WORK TO COMPLETE: Below is some material. Set down exactly the line where "ロング カラー ヘアアレンジ ブリーチなしの達人 🌈KAITOのヘアスタイル" appears and all lines after it, and stop at the last line.

RECORDS PROVIDED:

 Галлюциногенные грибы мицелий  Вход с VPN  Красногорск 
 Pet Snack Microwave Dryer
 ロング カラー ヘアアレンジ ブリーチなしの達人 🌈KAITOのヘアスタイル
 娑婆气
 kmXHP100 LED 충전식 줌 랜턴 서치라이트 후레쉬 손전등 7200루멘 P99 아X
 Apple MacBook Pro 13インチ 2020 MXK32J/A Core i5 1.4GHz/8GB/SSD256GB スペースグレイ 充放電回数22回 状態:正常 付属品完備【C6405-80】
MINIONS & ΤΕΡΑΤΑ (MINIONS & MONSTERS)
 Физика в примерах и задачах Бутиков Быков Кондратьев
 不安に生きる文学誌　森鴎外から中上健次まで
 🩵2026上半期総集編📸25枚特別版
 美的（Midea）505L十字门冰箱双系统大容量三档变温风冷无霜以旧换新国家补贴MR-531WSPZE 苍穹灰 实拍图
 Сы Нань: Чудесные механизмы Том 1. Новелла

COMPLETED TASK:
 ロング カラー ヘアアレンジ ブリーチなしの達人 🌈KAITOのヘアスタイル
 娑婆气
 kmXHP100 LED 충전식 줌 랜턴 서치라이트 후레쉬 손전등 7200루멘 P99 아X
 Apple MacBook Pro 13インチ 2020 MXK32J/A Core i5 1.4GHz/8GB/SSD256GB スペースグレイ 充放電回数22回 状態:正常 付属品完備【C6405-80】
MINIONS & ΤΕΡΑΤΑ (MINIONS & MONSTERS)
 Физика в примерах и задачах Бутиков Быков Кондратьев
 不安に生きる文学誌　森鴎外から中上健次まで
 🩵2026上半期総集編📸25枚特別版
 美的（Midea）505L十字门冰箱双系统大容量三档变温风冷无霜以旧换新国家补贴MR-531WSPZE 苍穹灰 实拍图
 Сы Нань: Чудесные механизмы Том 1. Новелла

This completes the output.